Wokeness has a tendency to inflation.
When cant becomes generalised, it is necessary for anyone who desires to distinguish himself from the majority of people to go further in his cant. It is like fundamentalism in Islam: you can always be outflanked by someone more orthodox than thou. Once a new canting doctrine becomes orthodox, it will be outflanked.
Dalrymple observes that woke leaders
are seekers of power, if only the power to destroy, which is often a delight. Cant is the weapon of the ambitious mediocrity, a class of person that has become much more numerous with the extension, but dilution, of tertiary education. Such people believe that social prominence is their due.
Britain, he points out,
has long been a world leader in cant.
The habit of canting
can reduce people to a single, or highly predominant, characteristic. It makes people’s opinions seem like a scratched record that causes the needle to jump and replay again and again the same snatch of song.
Cant is,
among other things, a defence against unwelcome thoughts.

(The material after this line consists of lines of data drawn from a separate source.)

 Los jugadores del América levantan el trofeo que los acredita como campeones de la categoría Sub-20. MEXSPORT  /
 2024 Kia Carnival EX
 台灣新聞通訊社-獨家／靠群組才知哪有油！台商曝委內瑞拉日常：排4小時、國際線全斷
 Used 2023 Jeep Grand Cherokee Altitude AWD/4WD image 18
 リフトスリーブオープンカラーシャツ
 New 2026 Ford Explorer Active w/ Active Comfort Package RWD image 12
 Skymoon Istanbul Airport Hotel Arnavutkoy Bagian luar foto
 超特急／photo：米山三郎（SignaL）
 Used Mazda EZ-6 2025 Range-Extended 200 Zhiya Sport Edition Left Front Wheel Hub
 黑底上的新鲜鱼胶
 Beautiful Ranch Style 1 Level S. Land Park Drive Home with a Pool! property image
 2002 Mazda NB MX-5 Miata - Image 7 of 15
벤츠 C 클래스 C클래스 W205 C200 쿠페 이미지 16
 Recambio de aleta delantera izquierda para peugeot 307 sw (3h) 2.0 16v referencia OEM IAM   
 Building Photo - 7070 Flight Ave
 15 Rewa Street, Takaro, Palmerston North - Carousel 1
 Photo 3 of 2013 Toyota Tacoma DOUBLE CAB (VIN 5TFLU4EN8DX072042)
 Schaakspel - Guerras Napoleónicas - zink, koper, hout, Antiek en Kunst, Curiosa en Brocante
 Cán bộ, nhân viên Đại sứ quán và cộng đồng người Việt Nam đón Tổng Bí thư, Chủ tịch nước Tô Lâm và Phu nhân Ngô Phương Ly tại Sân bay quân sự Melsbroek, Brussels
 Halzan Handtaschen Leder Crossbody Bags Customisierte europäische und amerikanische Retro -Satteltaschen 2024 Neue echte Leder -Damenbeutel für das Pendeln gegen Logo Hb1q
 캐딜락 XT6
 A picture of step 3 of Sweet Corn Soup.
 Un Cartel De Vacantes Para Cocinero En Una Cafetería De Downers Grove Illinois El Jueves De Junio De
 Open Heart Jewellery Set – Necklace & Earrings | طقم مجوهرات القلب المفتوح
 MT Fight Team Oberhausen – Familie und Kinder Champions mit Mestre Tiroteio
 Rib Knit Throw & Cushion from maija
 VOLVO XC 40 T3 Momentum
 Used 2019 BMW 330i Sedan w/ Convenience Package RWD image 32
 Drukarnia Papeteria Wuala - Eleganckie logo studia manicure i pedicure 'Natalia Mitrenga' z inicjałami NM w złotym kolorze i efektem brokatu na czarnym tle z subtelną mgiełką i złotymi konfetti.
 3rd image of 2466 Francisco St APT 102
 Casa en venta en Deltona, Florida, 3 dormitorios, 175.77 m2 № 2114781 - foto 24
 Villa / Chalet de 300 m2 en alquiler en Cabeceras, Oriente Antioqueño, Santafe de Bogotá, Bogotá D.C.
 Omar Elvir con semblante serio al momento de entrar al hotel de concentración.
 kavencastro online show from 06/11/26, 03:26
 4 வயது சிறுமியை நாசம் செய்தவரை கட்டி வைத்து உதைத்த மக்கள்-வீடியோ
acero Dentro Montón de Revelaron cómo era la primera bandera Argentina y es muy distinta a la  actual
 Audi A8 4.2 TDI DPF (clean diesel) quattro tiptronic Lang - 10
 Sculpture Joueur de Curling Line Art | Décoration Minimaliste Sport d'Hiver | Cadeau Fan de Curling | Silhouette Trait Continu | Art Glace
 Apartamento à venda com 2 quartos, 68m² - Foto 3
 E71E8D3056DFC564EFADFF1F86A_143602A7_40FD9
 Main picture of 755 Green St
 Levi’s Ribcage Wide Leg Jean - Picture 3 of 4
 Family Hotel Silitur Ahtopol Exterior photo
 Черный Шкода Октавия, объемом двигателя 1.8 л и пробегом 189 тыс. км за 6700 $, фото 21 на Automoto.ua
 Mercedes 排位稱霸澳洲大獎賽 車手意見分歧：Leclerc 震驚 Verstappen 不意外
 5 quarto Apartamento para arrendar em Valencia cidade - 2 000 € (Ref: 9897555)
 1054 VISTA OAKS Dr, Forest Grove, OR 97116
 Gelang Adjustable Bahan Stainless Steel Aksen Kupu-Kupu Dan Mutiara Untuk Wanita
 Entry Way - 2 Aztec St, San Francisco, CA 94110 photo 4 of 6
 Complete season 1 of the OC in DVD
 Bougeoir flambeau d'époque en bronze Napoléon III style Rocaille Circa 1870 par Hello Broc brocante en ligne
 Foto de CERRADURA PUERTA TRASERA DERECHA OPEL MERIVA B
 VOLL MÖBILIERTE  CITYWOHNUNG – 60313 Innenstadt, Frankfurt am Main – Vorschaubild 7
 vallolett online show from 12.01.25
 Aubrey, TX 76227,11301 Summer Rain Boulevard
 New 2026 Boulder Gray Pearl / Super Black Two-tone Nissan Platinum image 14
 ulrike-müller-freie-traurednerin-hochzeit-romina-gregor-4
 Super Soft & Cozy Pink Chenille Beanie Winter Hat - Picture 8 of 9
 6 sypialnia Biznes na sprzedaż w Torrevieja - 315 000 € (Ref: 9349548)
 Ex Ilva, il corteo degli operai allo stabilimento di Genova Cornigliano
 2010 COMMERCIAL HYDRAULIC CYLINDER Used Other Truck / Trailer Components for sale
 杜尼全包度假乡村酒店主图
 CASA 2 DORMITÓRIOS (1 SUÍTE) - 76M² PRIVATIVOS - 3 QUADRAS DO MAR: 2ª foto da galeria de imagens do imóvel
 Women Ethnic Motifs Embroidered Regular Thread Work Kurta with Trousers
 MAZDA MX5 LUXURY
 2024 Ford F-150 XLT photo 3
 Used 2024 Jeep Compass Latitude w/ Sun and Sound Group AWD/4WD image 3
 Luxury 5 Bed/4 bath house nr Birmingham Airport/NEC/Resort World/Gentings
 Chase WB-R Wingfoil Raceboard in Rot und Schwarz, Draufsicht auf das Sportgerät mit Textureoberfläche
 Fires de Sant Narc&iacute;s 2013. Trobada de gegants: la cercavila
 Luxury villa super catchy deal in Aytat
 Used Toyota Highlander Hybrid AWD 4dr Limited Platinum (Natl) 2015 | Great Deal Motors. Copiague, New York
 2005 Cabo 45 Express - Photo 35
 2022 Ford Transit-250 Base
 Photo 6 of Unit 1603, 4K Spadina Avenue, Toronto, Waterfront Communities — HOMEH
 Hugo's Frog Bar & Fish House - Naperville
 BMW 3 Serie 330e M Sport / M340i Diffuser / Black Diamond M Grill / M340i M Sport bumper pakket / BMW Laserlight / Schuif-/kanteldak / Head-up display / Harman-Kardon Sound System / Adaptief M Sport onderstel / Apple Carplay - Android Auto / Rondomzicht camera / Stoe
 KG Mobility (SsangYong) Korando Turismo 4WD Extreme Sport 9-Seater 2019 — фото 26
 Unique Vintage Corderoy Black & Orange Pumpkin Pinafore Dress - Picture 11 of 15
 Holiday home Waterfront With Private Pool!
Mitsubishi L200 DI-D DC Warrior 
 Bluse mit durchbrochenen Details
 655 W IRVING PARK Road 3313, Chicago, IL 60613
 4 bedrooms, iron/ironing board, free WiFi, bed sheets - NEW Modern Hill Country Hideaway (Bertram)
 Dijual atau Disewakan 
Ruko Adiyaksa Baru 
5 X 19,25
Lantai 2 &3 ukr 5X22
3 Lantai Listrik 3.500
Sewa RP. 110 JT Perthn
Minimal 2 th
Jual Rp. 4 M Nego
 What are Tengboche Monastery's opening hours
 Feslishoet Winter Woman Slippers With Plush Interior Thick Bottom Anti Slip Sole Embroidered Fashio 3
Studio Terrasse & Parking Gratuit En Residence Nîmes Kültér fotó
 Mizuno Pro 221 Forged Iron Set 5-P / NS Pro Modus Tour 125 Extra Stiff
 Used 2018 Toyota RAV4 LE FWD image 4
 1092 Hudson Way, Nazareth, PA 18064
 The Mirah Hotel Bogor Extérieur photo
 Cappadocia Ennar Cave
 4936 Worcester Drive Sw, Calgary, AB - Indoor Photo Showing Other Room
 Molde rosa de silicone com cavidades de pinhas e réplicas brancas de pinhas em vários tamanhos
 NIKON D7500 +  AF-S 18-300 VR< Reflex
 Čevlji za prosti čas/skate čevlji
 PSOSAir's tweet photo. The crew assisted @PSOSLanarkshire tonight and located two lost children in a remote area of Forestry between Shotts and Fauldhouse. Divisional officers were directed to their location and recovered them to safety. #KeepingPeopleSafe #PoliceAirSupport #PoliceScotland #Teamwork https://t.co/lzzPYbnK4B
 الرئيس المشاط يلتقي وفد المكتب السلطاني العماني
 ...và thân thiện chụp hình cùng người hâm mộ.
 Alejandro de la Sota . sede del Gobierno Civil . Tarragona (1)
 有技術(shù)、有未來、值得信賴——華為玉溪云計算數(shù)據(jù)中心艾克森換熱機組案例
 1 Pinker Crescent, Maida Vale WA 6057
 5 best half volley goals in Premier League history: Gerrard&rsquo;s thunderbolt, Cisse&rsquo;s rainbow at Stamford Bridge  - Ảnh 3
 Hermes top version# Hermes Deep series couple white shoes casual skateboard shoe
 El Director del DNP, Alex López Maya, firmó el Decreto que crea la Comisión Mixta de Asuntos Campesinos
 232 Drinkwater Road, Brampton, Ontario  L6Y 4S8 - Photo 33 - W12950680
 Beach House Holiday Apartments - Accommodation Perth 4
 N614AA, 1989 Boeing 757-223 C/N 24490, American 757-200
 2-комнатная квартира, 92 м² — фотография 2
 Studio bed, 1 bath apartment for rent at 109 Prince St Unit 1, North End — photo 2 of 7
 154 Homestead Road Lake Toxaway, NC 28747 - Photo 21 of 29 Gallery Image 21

Dalrymple reminds us that nowadays,
the instillation of cant, as well as the prevention of anything else, is the main business of education.
Wokeness
takes over minds and reduces their ability to consider other points of view, take in contradictory evidence, or sympathise with anyone not in total and unconditional agreement. It is intolerant. It promotes monotony and eradicates subtlety, nuance, and irony; it does not recognise a tragic dimension to life. It is inherently utopian because it assumes that moral perfection can be reached. It is boring. It achieves its victories by use of repetition (though frightening vehemence plays its part). It intimidates by gathering crowds, by anathema, and excommunication. Humour is its enemy. That is why jokes are the particular object of its obloquy.
Dalrymple asserts:
Unlike hypocrisy, one can say nothing whatever in favour of cant; but where having the supposedly right opinions is taken as the larger part of virtue — much larger a part than actual conduct — cant has little to oppose its spread and much to encourage it.